The Democratic Party’s problem is that it has very little organization left, he said, adding “That’s why we’ve been so successful.”
What the party needs at the local level, Ghandhi said, is “something a little like the best elements of the old, big city political machines, where voters have a sense they own their representatives.”
THOSE NAMED AS LaROUCHE SUPPORTERS
These candidates for Los Angeles County Democratic committees have been identified as supporters of Lyndon LaRouche or have been endorsed by the LaRouche organization, according to the L.A. Democrat, a publication of the Los Angeles Democratic Party.
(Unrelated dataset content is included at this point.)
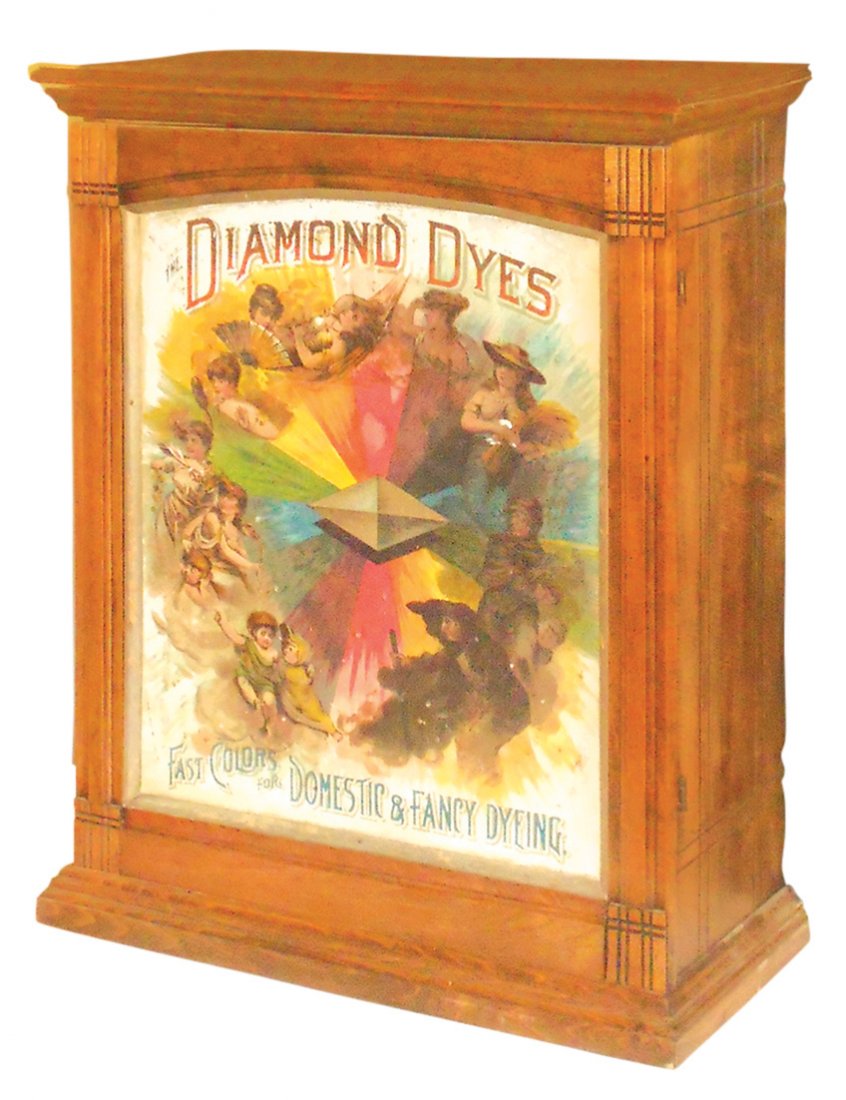 Country store Diamond Dye cabinet, Evolution of Woman,: Country store Diamond Dye cabinet, Evolution of Woman, wood w/tin litho insert & sliding back doors, c.1890, VG cond w/some roughness on insert, 30.25"H x 23"W x 10"D.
The list was introduced as evidence in a Los Angeles County Superior Court proceeding:
Assembly District 41
10 of 19 candidates John H. Brown, Jr., Consultant
Edward M. Corpus, Logistics Consultant
James M. Duree, Self-Employed Consultant
June Grussendorf, Consultant
Helen Morgan, Accountant
Maureen G. Pike, Housewife
Tim Pike, Writer
Daniel Platt, Translator
Carol M. Ruckert, Consultant
Patrick L. Ruckert, Consultant
Assembly District 43
2 of 13 candidates Don E. Marquis, 1984 LaRouche Delegate
John B. Weber, Retired Manufacturer
Assembly District 45
5 of 12 candidates Bruce M. Khouri, Entrepreneur
Michael R. Hodgkiss, Drug Counselor
Judy L. Huffman, Businesswoman
Mary Louise Khouri, Political Consultant
Margaret R. Levinson, Consultant
Assembly District 46
2 of 15 candidates Mary F. Lyans, Consultant
James D. Wyrick, Draftsman Contractor
Assembly District 49
1 of 8 candidates Joe Alcoset, Logistics Analyst
Assembly District 55
2 of 5 candidates Ted Andromidas, Political Consultant
Khushro Ghandhi, Consultant
Assembly District 57
3 of 9 candidates Mary C. Knorpp, Incumbent
David D. Schweitzer, Incumbent
Margaret Thrasher, Interior Decorator
Assembly District 62
1 of 8 candidates Paul Jeffrey, Masonry Contractor
Assembly District 63
1 of 2 candidates Ruth Stephenson, Int’l Affairs Spec.